From the sounds of it I suggest you look at making the door hang on overhead rollers to push it to one side when you want to open. On the inside you could place rubber weaterstripping (like what is on the bottom of the door usually) on both sides/top of the door to keep out wind/rain. Some type of locking mechinisim (eye & hook) to hold it against the stripping when closed. You may need to make a frame out from the wall on the outside, which could be covered with moulding, to ease opening/closeing and hide the rubber. By doing it this way your not losing interior space for your room and its still fuctional.

I hope this comes across right. I sometimes have trouble typing what I see in my minds eye.

If you go with the over the head type door I would use a very heavy counter weight.. like something that weighs as much as the door, like a car block lol.
geniem (author)  RedneckEngineer5 years ago
I think it came across fine. I really appreciate all suggestions, thanks. I'm not sure how the slider would match the other 2 doors though. There are 3, 8' doors with a 6x6 separating each of them. Presently the doors are tilt ups with springs.

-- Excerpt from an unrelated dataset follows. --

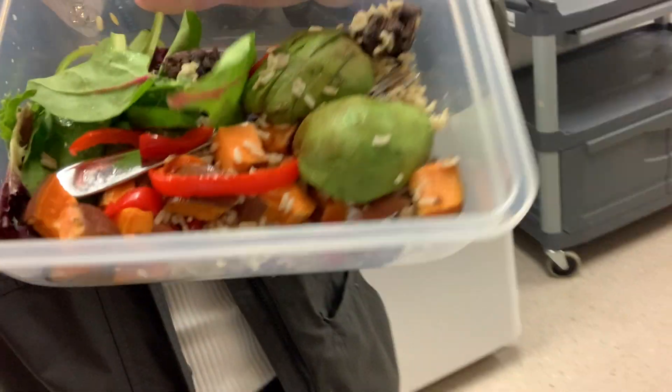It's lunchtime right now. I just taught first and second block. I'm going to eat my lunch — it looks a little messy but hang on — it's a sweet potato black bean burrito bowl with some strawberries on the side. I'm going to go eat that in the lunchroom.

Your suggestion sounds like a barn door type mechanism which I would love to have, but I'm afraid my wallet won't allow at this time. I will most likely go with a carriage door type. Alot easier to match the other 2 doors and the hardware is much less expensive, although the beefy hinges will not be cheap either. This won't be an everyday opening door. I only wanted the option, if necessary.
Yes, if I chose the overhead method, I figured an engine block might do the trick too. Great minds think alike....LOL
Re-design5 years ago
A block and tackle or maybe a motorized winch like those on a Jeep will be required. Without the balance springs that door is going to be extremely heavy and even dangerous. When it starts coming down it will come down with lots of force and anyone in the way will be severely injured.

On the other hand if you brace it solid then cut the door in half vertically and hang it on side hinges it will only take a few ounces of pressure to open and close it.
geniem (author)  Re-design5 years ago
Yes I was concerned about the weight with an overhead door, as you said and the carriage door type would resolve the safety issue. However a carriage door would definitely require some beefy hinges. Other than that, the next concern with a carriage door would be weatherstripping. My gut feeling is to treat it like any other exterior door that swings out. Keeping in mind it's much more difficult to weatherstrip a door that swings out than in, how would you go about it?. Then there's an issue with an exsisting center vertical 2x3 framing of the door. It would require reframing the door I think. Would you be so kind as to comment on these other issues? Thank you for your help with this.